JIT-compiling the extension results in non-functional Python module.
mrTsjolder opened this issue · 0 comments
When submitting a bug report, please include the following information (where relevant):
- OS: Arch Linux
- PyTorch version: 2.3.0
- How you installed PyTorch (conda, pip, source): conda
- Python version: 3.12
- CUDA/cuDNN version: 12.1 (runtime) / 8.9.2
- GPU models and configuration: 1070 Ti
- GCC version (if compiling from source): /
When using torch.utils.cpp_extension.load
to JIT compile the extension, the returned module does not provide access to the exported functions.
Code to reproduce (in interactive Python session with working directory extension-cpp
):
>>> import torch
>>> from torch.utils.cpp_extension import load
>>> extension_cpp = load(name="extension_cpp", sources=["extension_cpp/csrc/muladd.cpp"])

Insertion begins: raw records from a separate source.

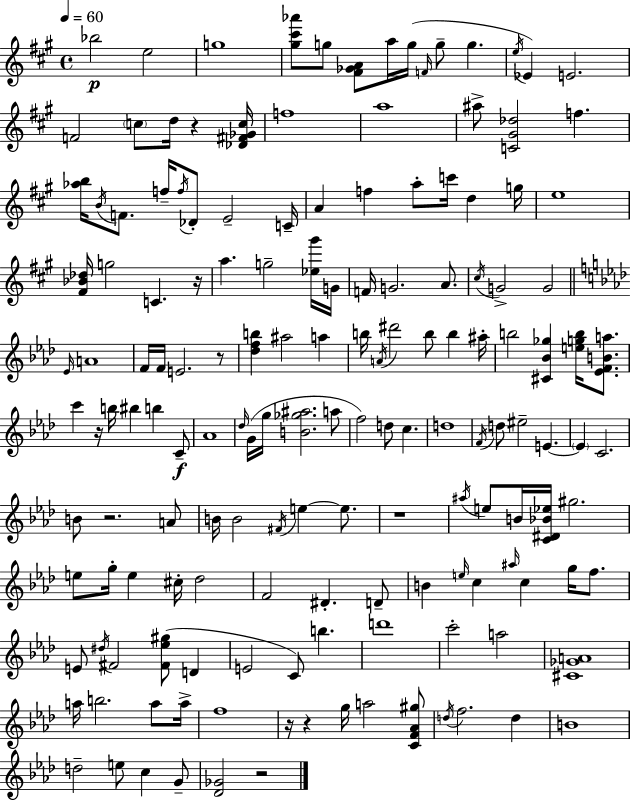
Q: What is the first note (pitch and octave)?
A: Bb5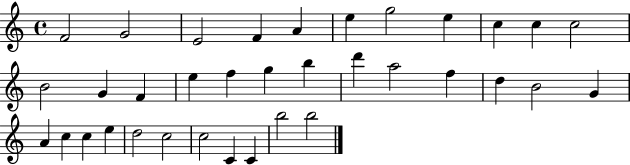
F4/h G4/h E4/h F4/q A4/q E5/q G5/h E5/q C5/q C5/q C5/h B4/h G4/q F4/q E5/q F5/q G5/q B5/q D6/q A5/h F5/q D5/q B4/h G4/q A4/q C5/q C5/q E5/q D5/h C5/h C5/h C4/q C4/q B5/h B5/h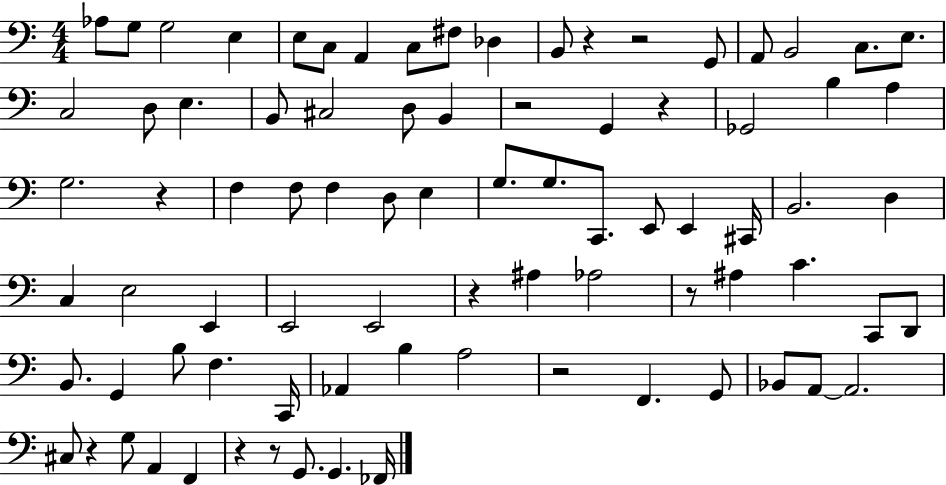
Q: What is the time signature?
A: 4/4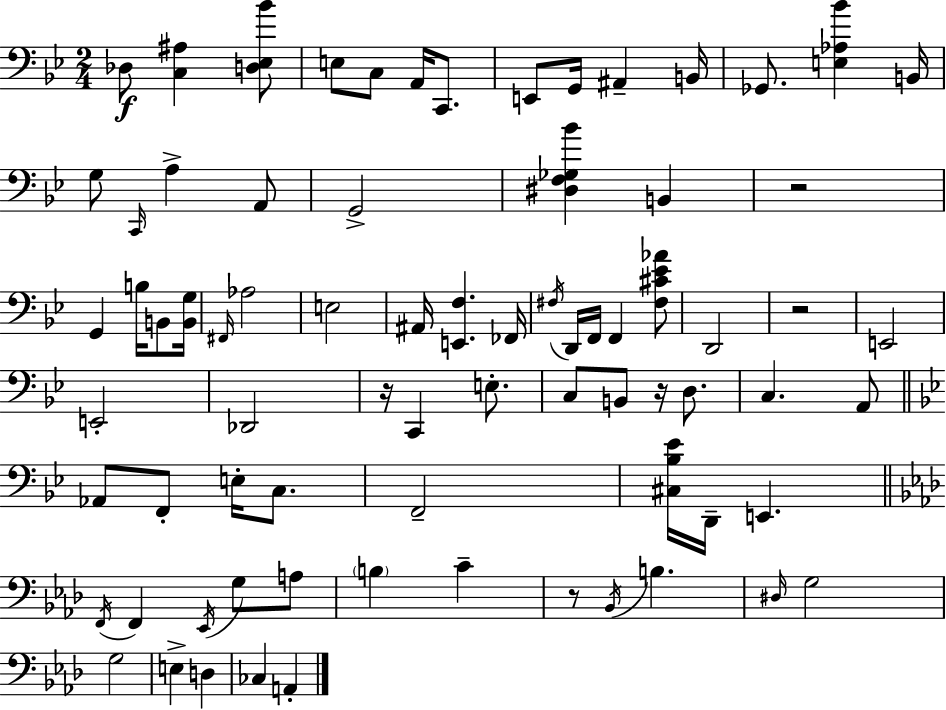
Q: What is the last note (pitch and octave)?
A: A2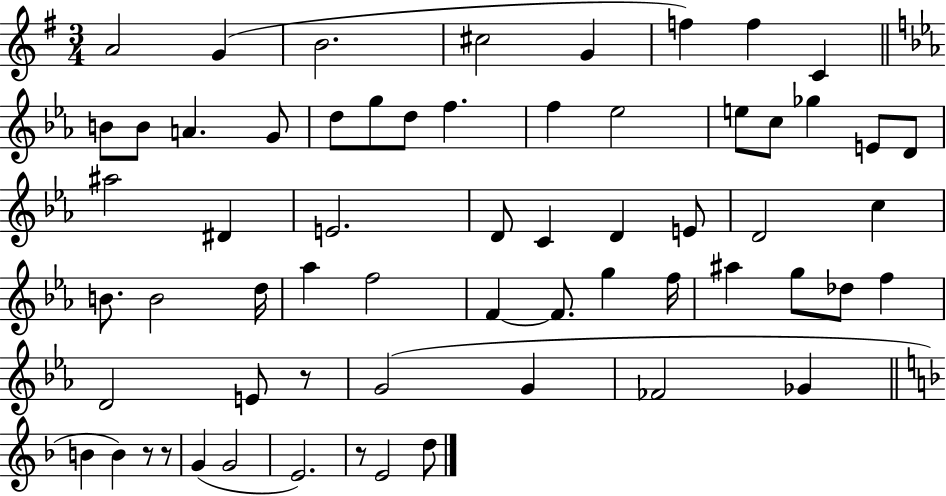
{
  \clef treble
  \numericTimeSignature
  \time 3/4
  \key g \major
  a'2 g'4( | b'2. | cis''2 g'4 | f''4) f''4 c'4 | \break \bar "||" \break \key c \minor b'8 b'8 a'4. g'8 | d''8 g''8 d''8 f''4. | f''4 ees''2 | e''8 c''8 ges''4 e'8 d'8 | \break ais''2 dis'4 | e'2. | d'8 c'4 d'4 e'8 | d'2 c''4 | \break b'8. b'2 d''16 | aes''4 f''2 | f'4~~ f'8. g''4 f''16 | ais''4 g''8 des''8 f''4 | \break d'2 e'8 r8 | g'2( g'4 | fes'2 ges'4 | \bar "||" \break \key f \major b'4 b'4) r8 r8 | g'4( g'2 | e'2.) | r8 e'2 d''8 | \break \bar "|."
}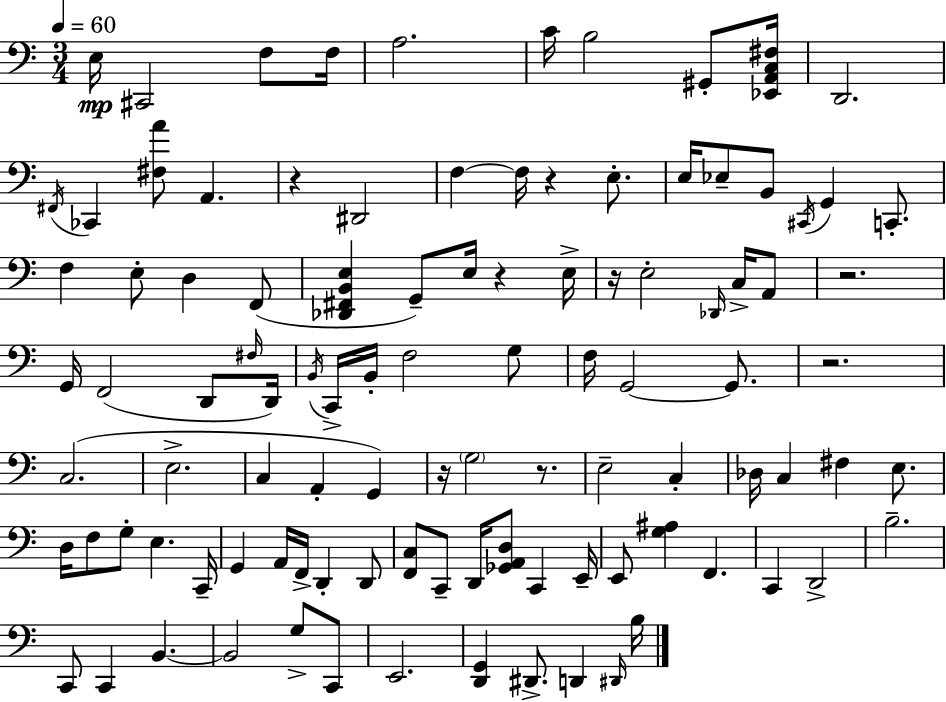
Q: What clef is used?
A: bass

>>> extension_cpp.mymuladd
Traceback (most recent call last):
File "<stdin>", line 1, in <module>
AttributeError: module 'extension_cpp' has no attribute 'mymuladd'
Note that after the loading, the following does work:
>>> torch.ops.extension_cpp.mymuladd
<OpOverloadPacket(op='extension_cpp.mymuladd')>
I.e., load
does seem to have the side-effect of loading the PyTorch op (similar to setting is_python_module=False
), but does not provide the functions in the Python module.
I would expect to be able to use extension_cpp
in the same way as torch.ops.extension_cpp
.
I suspect that this issue is due to the empty PYBIND11_MODULE
block.
This seems to be confirmed by the fact that the following modification in muladd.cpp
makes extension_cpp.mymuladd
available:
PYBIND11_MODULE(TORCH_EXTENSION_NAME, m) {
m.def("mymuladd", &mymuladd_cpu, "custom pytorch operation 'muladd'");
m.def("mymul", &mymuladd_cpu, "custom pytorch operation 'mul'");
m.def("myadd_out", &mymuladd_cpu, "custom pytorch operation 'add_out'");
}
However, I am not sure if this is just a workaround or the actual bug-fix.